Biopanning and nanobody expression

After constructing the synthetic nanobody library, we used a panning method to enrich and isolate nanobodies with the specific ability to bind with AFB1 in the library. First, an AFB1 and BSA conjugate (AFB1-BSA) purchased form Sigma-Aldrich Corporation was coated onto the wells of a microtiter plate at 4 °C overnight. AFB1-BSA of 5 μg/well was used as the coating for the first round of panning; the antigen coating concentration in the second to fourth rounds was lowered to AFB1-BSA of 1 μg/well. The next day, the AFB1-BSA was removed, and the well was blocked with 3% BSA at room temperature for 1 h. Subsequently, library phage particles (10¹¹) were mixed with 3% BSA at a 1:1 ratio, and this mixture was then added to the well and incubated at room temperature for 2 h. Next, unbound phages were removed, and the well was washed 10 times through pipetting with PBS with 0.05% Tween 20 (PBST). Bound phages were eluted with 0.1 M HCl–glycine (pH 2.2)/0.1% BSA elution buffer and neutralized with 2 M Tris base buffer. The eluted phages were then used to infect E. coli strain ER2738 immediately for phage amplification. The amplified phages were precipitated and recovered according to a previously described method and used in the next round of panning [24]. The panning procedure was repeated four times. After panning, total library DNA was purified and transformed into E. coli strain TOP 10F′ (a nonsuppressor strain; Invitrogen). The transformed clones were randomly selected for individual nanobody expression and subsequently for binding analysis by ELISA. The positive clones were sequenced to infer the nanobodies’ primary structure. The nanobody genes were fused with HA and His tags. For further nanobody protein expression and purification, the interesting clone was grown overnight in 0.5 mM isopropyl b-D-thiogalactopyranoside (IPTG) for nanobody induction. Subsequently, recombinant nanobodies were purified with Ni²⁺-charged sepharose according to the manufacturer’s instructions (GE Healthcare Inc.).

Sequence analysis

To sequence the nanobody clones of interest, we used a primer (5′-GCTATGACCATGATTACGCCA-3′) complementary to the pectate lyase B signal sequence placed before the heavy chain variable region. Next, the international ImMunoGeneTics (IMGT) information system/V-QUEry and standardization system (http://imgt.org) were used to compile and analyse the sequence data.
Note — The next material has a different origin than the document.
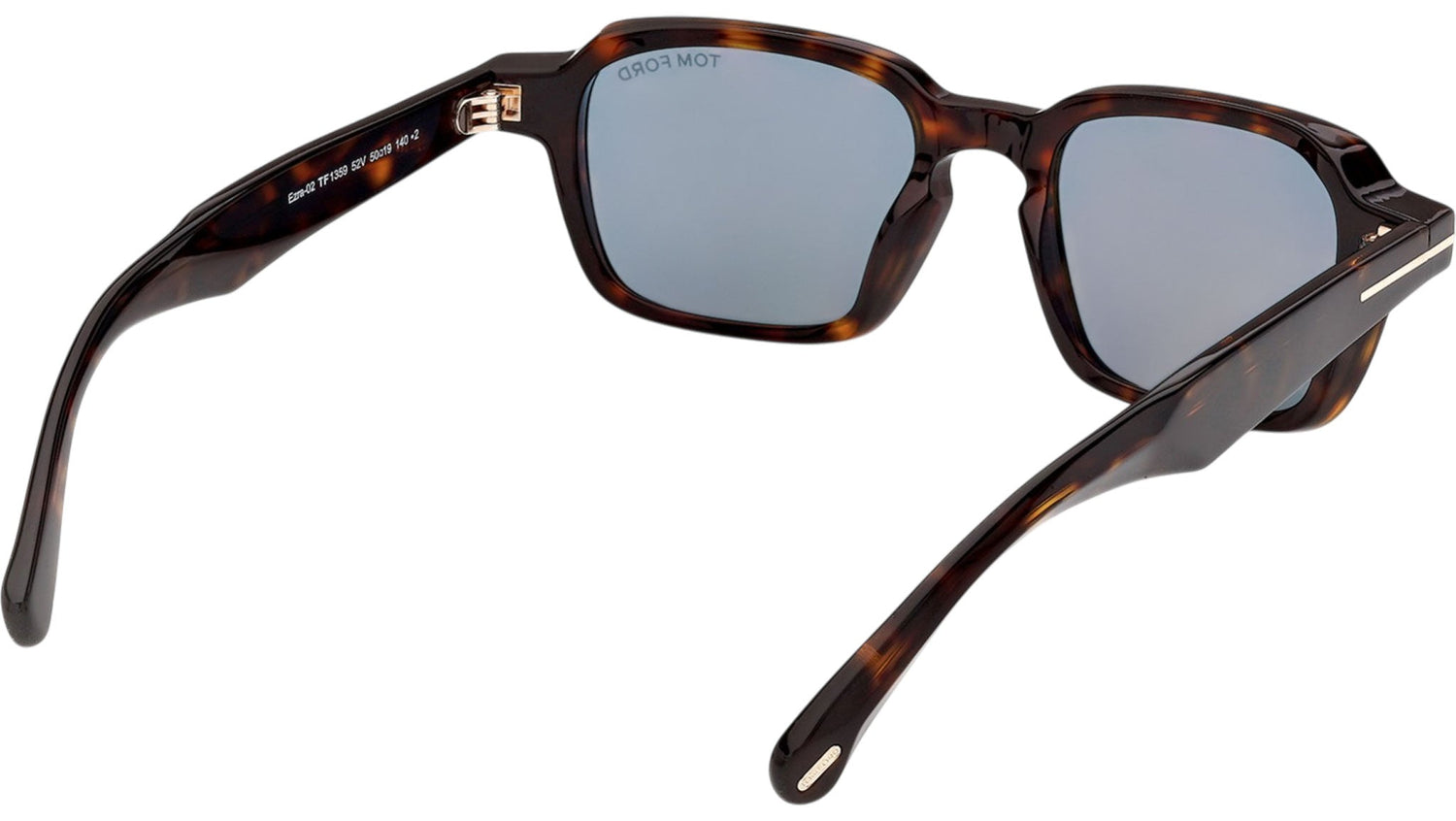 Ezra-02 FT1359 52V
Enzyme-linked immunosorbent assay

AFB1-BSA, MTX-BSA, or AFB1–ovalbumin (OVA) (0.5 μg/well) was coated onto the wells of a microtiter plate at 4 °C overnight. These wells were blocked with 5% skimmed milk, and nanobodies were then added to the wells at room temperature for 1 h. After a wash with PBST, bound nanobodies were detected, and signals were developed using the horseradish peroxidase (HRP)–conjugated mouse anti-HA tag antibody (Cell Signaling Technology, Inc.). Finally, 3,3′,5,5′-tetramethylbenzidine dihydrochloride (TMB) was added for signal development. The reaction was stopped through the addition of 1 N HCl, and absorbance was determined through optical density (OD) measurement at 450 nm.

Competitive inhibition assay

Competitive inhibition assays were employed to determine the binding specificity of AFB1-binding nanobody molecules. In brief, microtiter plates were coated with AFB1-OVA at 0.5 μg/well and blocked with 5% skimmed milk. After 1 h of incubation at room temperature, the plates were washed with PBST. The purified nanobody of 10 μg/mL was incubated first with multiple concentrations of soluble free AFB1 diluted in ddH₂O (ranging from 1.6 to 100 ng/mL) at room temperature for 1 h. Then, the mixtures were added to the wells to react with the coated AFB1-OVA molecule. After incubation at room temperature for 1 h, the plates were washed with PBST. Subsequently, the HRP-conjugated mouse anti-HA tag antibody (Cell Signaling Technology, Inc.) was added at room temperature for 1 h to detect bound nanobodies. After a wash with PBST, TMB substrate was added to each well for development. The reaction was stopped with 1 N HCl, and signal intensity was measured through OD measurement at 450 nm.

Cell proliferation assay

Cell proliferation was measured using the 3-(4,5-dimethylthiazol-2-yl)-5-(3-carboxymethoxyphenyl)-2-(4-sulfophenyl)-2H-tetrazolium (MTS) Cell Proliferation Assay Kit (Promega). HepG2.2.15 or CL48 cells were seeded at a density of 5000 cells/well in a 96-well culture plate. AFB1 was mixed with or without different concentrations of nanobodies and incubated at room temperature for 30 min. The mixture was then added to the cell culture and incubated for 48 h. Finally, an MTS and phenazine methosulphate mixture was added and incubated for 90 min for development. After the sodium dodecyl sulphate (SDS) reagent was added to stop the reaction, the absorbance of each well was determined through OD measurement at 490 nm.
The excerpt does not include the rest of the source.